Now, I could (and still may) post stuff in my Drupal contribution 
sandbox, although it feels funny to me to post revisions of someone 
else's work in the same repository.  And I suspect that if people didn't 
understand why I was doing it, it might  upset or offend some people, 
which is the last thing I need or want to do.  Or I could simply 
establish an SVN repository on my web site and do it that way.

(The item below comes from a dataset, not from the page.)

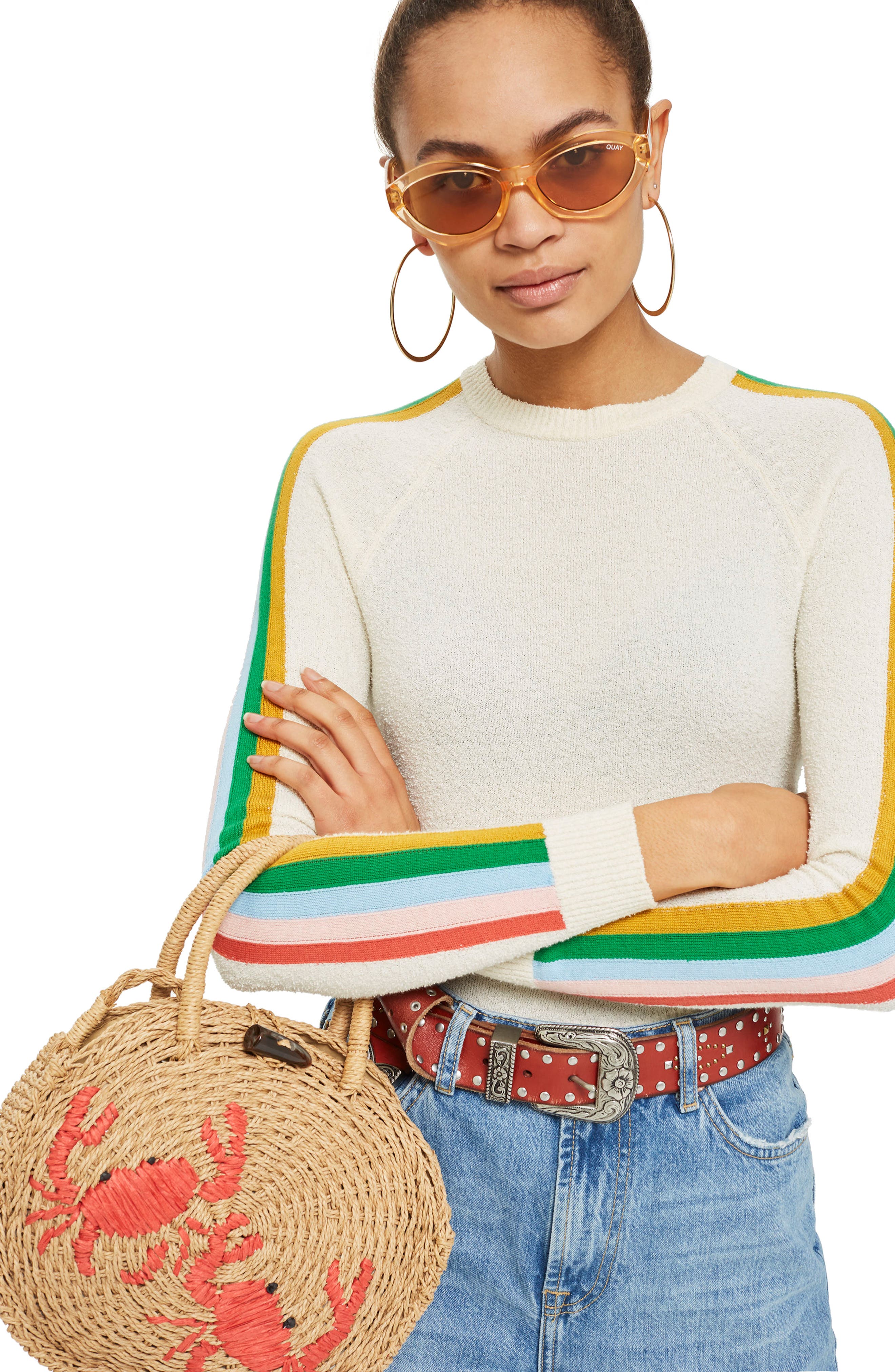 Topshop Crab Straw Mini Tote Bag, Alternate, color,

The reason I'm considering BZR is that it looks like it would be much 
easier for people to use the official versions of the modules and then 
take on parts or all of my additions very easily, since merging stuff 
between distributed branches is what BZR does best.  Assuming that it's 
reliable enough to use (which you can certainly argue about), it looks 
like the best solution of my problem.  I would just start a private 
branch of the modules I use, and check into it.  If the module 
maintainer wanted to accept my stuff, great, easy for the module 
maintainer.  But if the maintainer did not want my changes, they would 
still be available to other people I work with.